=== Begin Enclosure ===

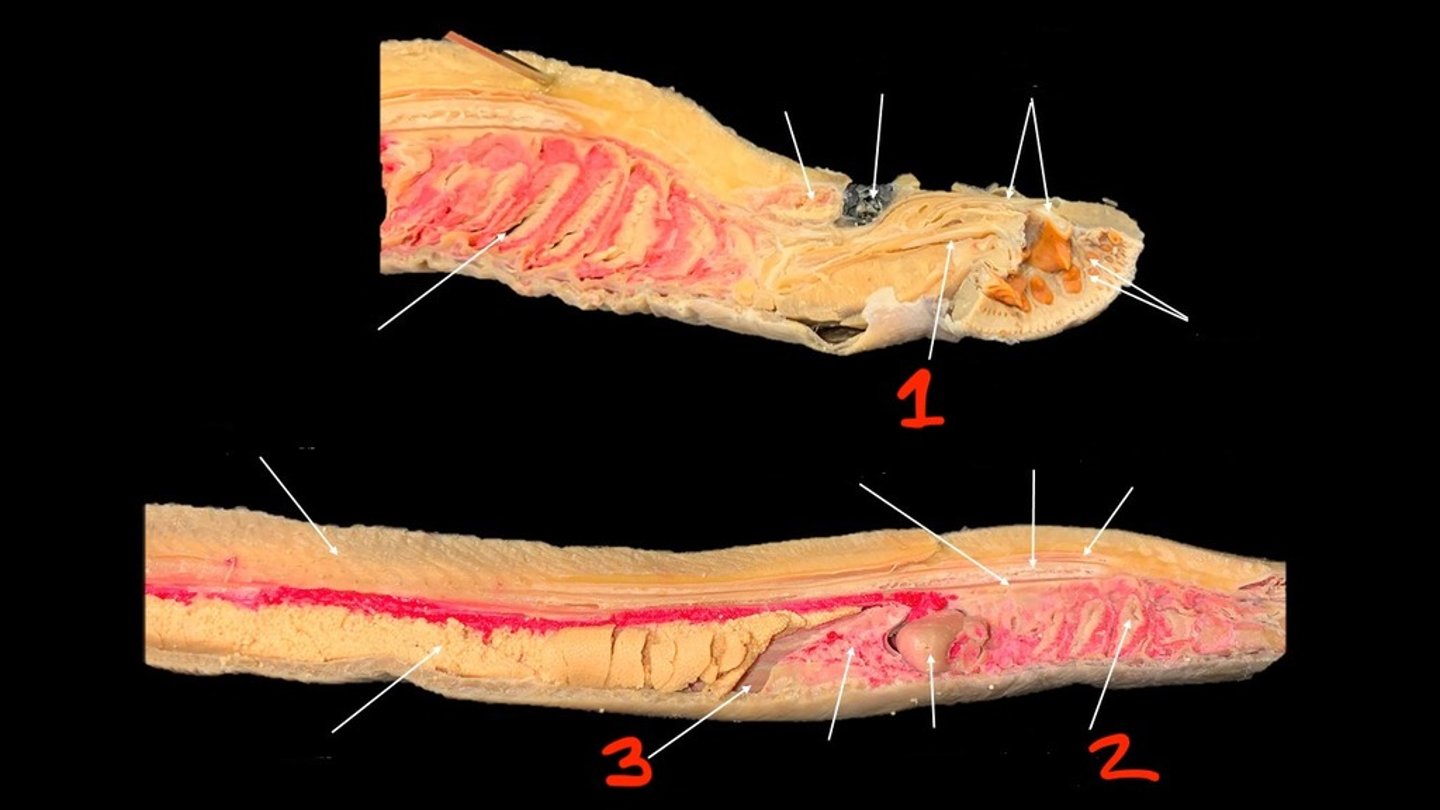 <p>what is 3?</p>
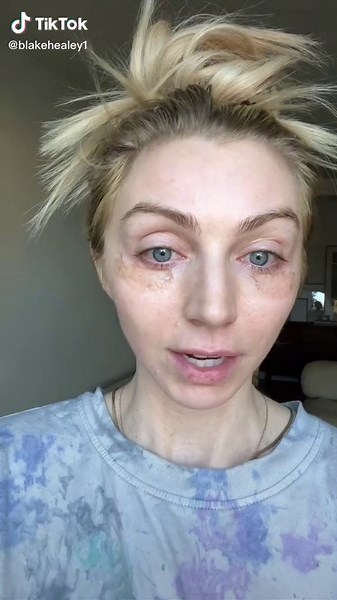 Day 5 TCA Peel for Under Eye Wrinkles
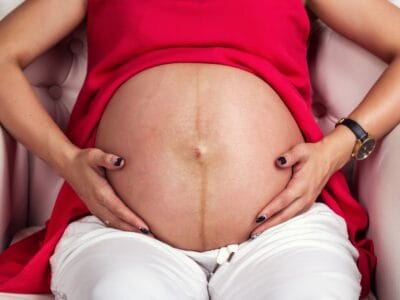 Linea nigra - dunker Streifen auf dem Babybauch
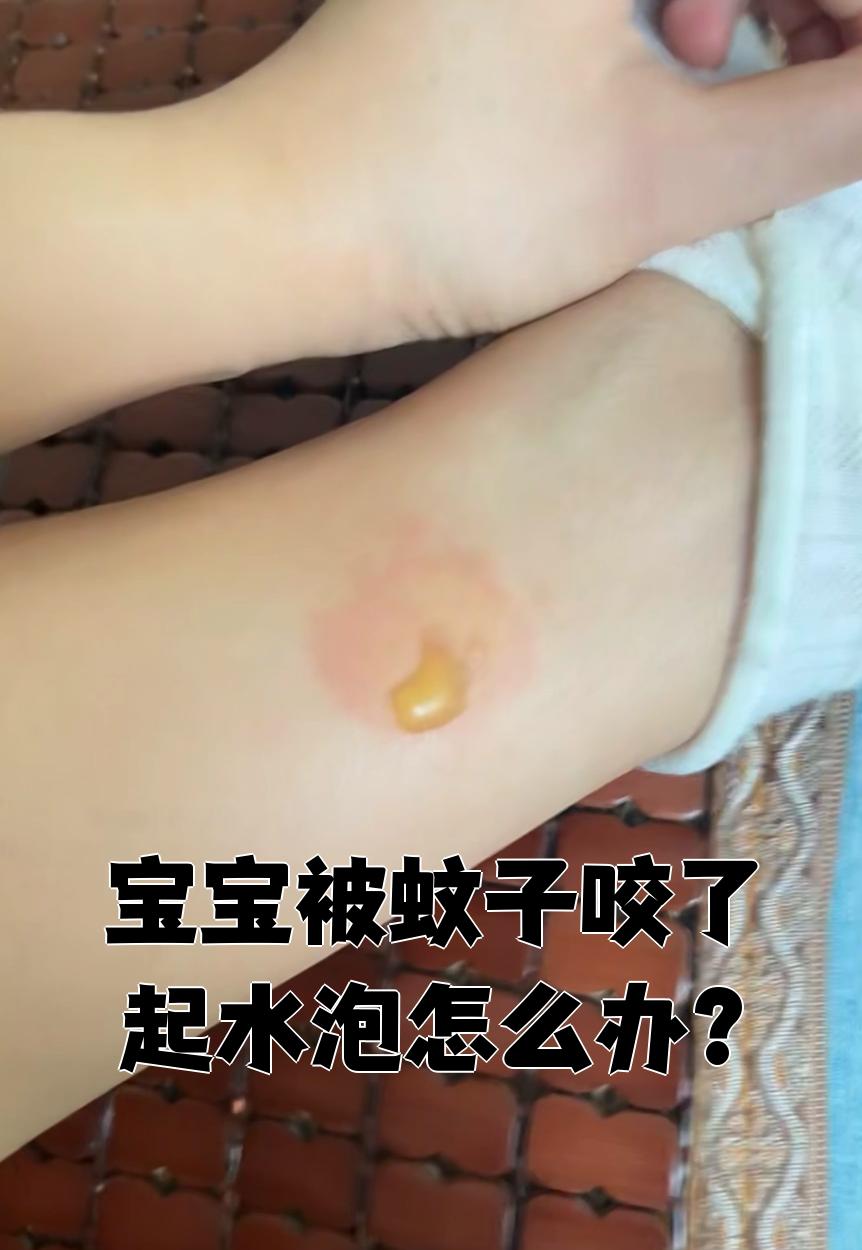 被虫子咬了起水泡怎么办?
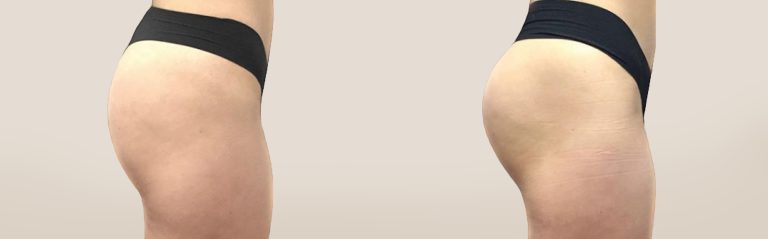 emsculpt pic ba card female buttock 094 for neo enus100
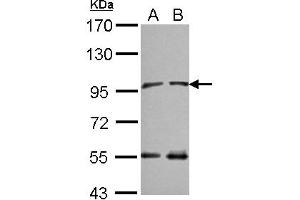 Western Blotting (WB) image for anti-N(alpha)-Acetyltransferase 15, NatA Auxiliary Subunit (NAA15) (C-Term) antibody (ABIN1491819)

=== End Enclosure ===

-- PROBLEM REQUIREMENTS --
The job is to set down the whole listing exactly, excluding any images.

-- SOLUTION TO THIS EXERCISE --
 <p>what is 3?</p>
 Day 5 TCA Peel for Under Eye Wrinkles
 Linea nigra - dunker Streifen auf dem Babybauch
 被虫子咬了起水泡怎么办?
 emsculpt pic ba card female buttock 094 for neo enus100
 Western Blotting (WB) image for anti-N(alpha)-Acetyltransferase 15, NatA Auxiliary Subunit (NAA15) (C-Term) antibody (ABIN1491819)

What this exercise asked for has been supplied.